How to check if a Unix .tar.gz file is a valid file without uncompressing?

How to check if a Unix .tar.gz file is a valid file without uncompressing? - gzip

I have found the question How to determine if data is valid tar file without a file?, but I was wondering: is there a ready made command line solution?

What about just getting a listing of the tarball and throw away the output, rather than decompressing the file?
tar -tzf my_tar.tar.gz >/dev/null
Edited as per comment. Thanks zrajm!
Edit as per comment. Thanks Frozen Flame! This test in no way implies integrity of the data. Because it was designed as a tape archival utility most implementations of tar will allow multiple copies of the same file!
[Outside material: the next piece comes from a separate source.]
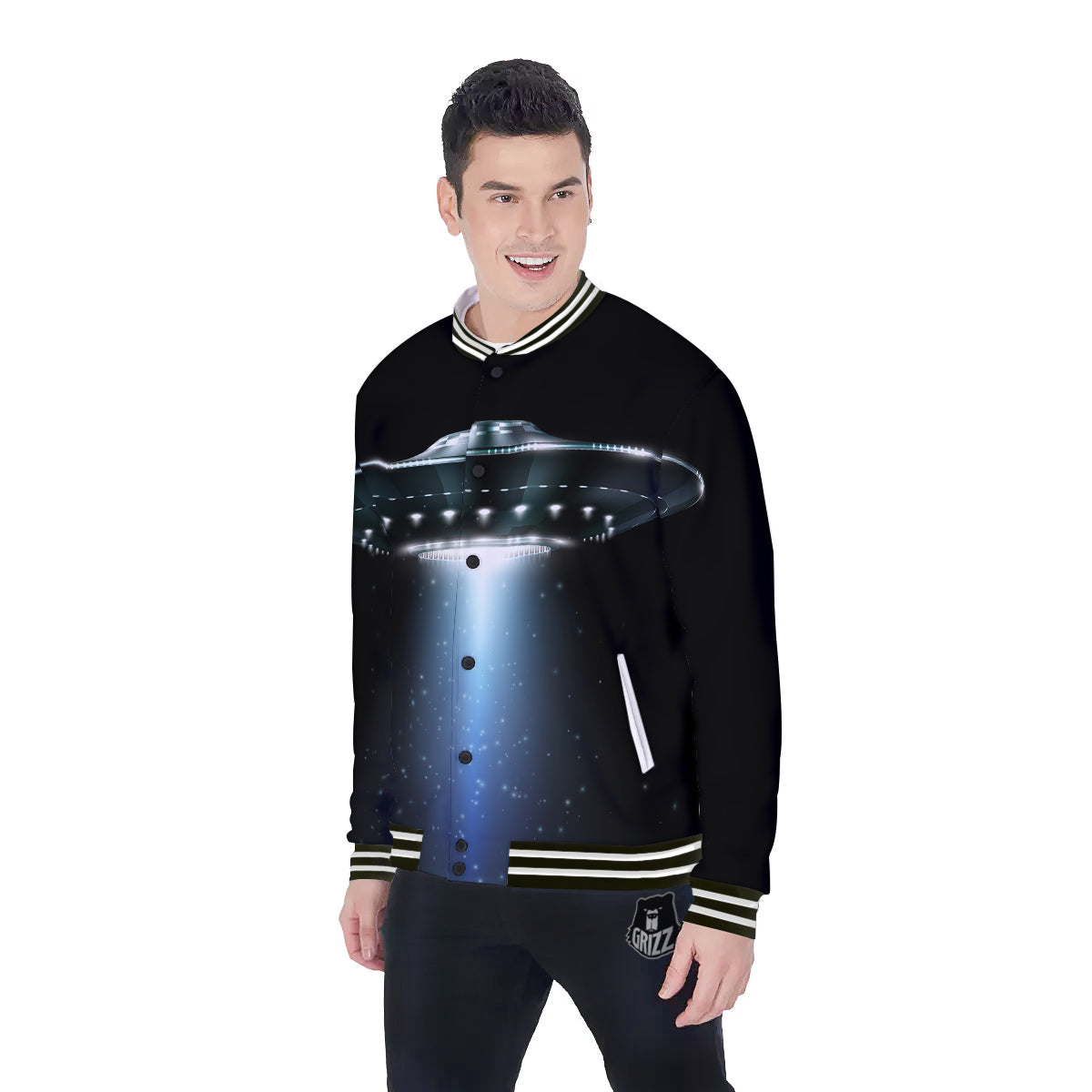 UFO Night Dark Print Baseball Jacket-grizzshop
you could probably use the gzip -t option to test the files integrity
http://linux.about.com/od/commands/l/blcmdl1_gzip.htm
from: http://unix.ittoolbox.com/groups/technical-functional/shellscript-l/how-to-test-file-integrity-of-targz-1138880
To test the gzip file is not corrupt:
gunzip -t file.tar.gz
To test the tar file inside is not corrupt:
gunzip -c file.tar.gz | tar -t > /dev/null
As part of the backup you could probably just run the latter command and
check the value of $? afterwards for a 0 (success) value. If either the tar
or the gzip has an issue, $? will have a non zero value.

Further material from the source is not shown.